On peut se rendre compte de l’embarras dans lequel me plaça ce télégramme qui me parvint le 15 mai, au lendemain du jour où avait été signée la paix de Francfort. Accepter, dans ces premiers momens où l’Allemagne était encore en armes sur notre territoire, où je devais croiser sur la route les étendards de nos ennemis à côté des nôtres captifs, c’était se résigner par avance à assister personnellement au triomphe de nos vainqueurs et à la constitution d’un empire élevé sur les ruines de notre influence en Europe. C’était l’obligation de faire taire, pendant de longs mois peut-être, toutes les colères intérieures du patriotisme et n’avoir plus devant soi que l’image de son pays envahi et désarmé, que la moindre imprudence pouvait compromettre. Quelque courtois que pût être l’accueil du vainqueur, et il devait l’être, cette courtoisie ne serait-elle pas une douleur de plus ? Si on réussissait à obtenir sa confiance, ne serait-ce pas en y laissant un peu de sa dignité, et si on le choquait par une attitude revêche, à quoi bon alors être venu ? Mais, d’autre part, comment refuser, dans un pareil moment, un poste auquel un nouveau venu ne pouvait évidemment convenir et qui m’était offert avec une insistance particulière et dans des termes flatteurs, par un gouvernement régulier, issu des libres suffrages du pays ? L’embarras était grand pour moi et la réponse, même télégraphique, ne pouvant être différée au-delà de vingt-quatre heures, je profitai de la bienveillance personnelle que m’avait toujours témoignée le chancelier pour aller lui demander conseil.
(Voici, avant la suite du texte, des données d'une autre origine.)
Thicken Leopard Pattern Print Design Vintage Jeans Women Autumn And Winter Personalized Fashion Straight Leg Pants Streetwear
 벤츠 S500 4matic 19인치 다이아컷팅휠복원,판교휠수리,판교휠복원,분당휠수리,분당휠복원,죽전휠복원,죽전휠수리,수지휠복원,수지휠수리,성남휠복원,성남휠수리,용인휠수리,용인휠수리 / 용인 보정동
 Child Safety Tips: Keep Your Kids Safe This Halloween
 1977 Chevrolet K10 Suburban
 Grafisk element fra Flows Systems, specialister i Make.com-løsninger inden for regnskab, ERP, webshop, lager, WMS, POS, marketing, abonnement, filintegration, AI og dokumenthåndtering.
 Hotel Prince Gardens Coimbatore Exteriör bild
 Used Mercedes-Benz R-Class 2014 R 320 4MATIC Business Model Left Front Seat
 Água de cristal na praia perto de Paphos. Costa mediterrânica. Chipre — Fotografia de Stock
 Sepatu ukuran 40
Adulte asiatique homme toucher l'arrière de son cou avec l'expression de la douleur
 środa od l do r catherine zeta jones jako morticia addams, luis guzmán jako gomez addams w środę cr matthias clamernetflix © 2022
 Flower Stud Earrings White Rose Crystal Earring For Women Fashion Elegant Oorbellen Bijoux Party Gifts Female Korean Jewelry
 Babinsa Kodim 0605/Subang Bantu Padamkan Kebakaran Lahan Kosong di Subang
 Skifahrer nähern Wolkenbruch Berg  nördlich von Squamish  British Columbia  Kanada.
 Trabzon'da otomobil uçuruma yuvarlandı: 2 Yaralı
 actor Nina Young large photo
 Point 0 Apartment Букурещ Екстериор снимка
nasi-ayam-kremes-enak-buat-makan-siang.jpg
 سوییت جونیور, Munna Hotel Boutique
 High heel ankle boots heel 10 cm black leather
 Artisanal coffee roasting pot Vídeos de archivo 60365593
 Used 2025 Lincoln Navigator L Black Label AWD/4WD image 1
Je m’adressais à lui, non pas comme au ministre des affaires étrangères de Russie, mais comme au doyen de la diplomatie européenne et au prince Gortchacow, en particulier, bien décidé à refuser, si sa réponse renfermait la moindre ambiguïté.

Elle fut, au contraire, des plus nettes. Le prince parut sensible à la marque de confiance que je lui donnais et me dit qu’aucune hésitation n’était possible ; qu’on ne pouvait se dérober à un tel mandat, quelque difficile qu’en pût être l’exercice ; que d’ailleurs, en ce moment et depuis nos désastres, tous nos postes diplomatiques seraient également pénibles à occuper. Il ajouta que la paix entre deux grandes nations était un bien inestimable, surtout aujourd’hui, et que ce serait un grand honneur que d’aider à la rétablir. « Vous pourrez peut-être y contribuer mieux qu’un autre, me dit-il en terminant, car vous avez toujours cru à la résurrection de votre pays, alors que presque tout le monde en avait perdu l’espérance. »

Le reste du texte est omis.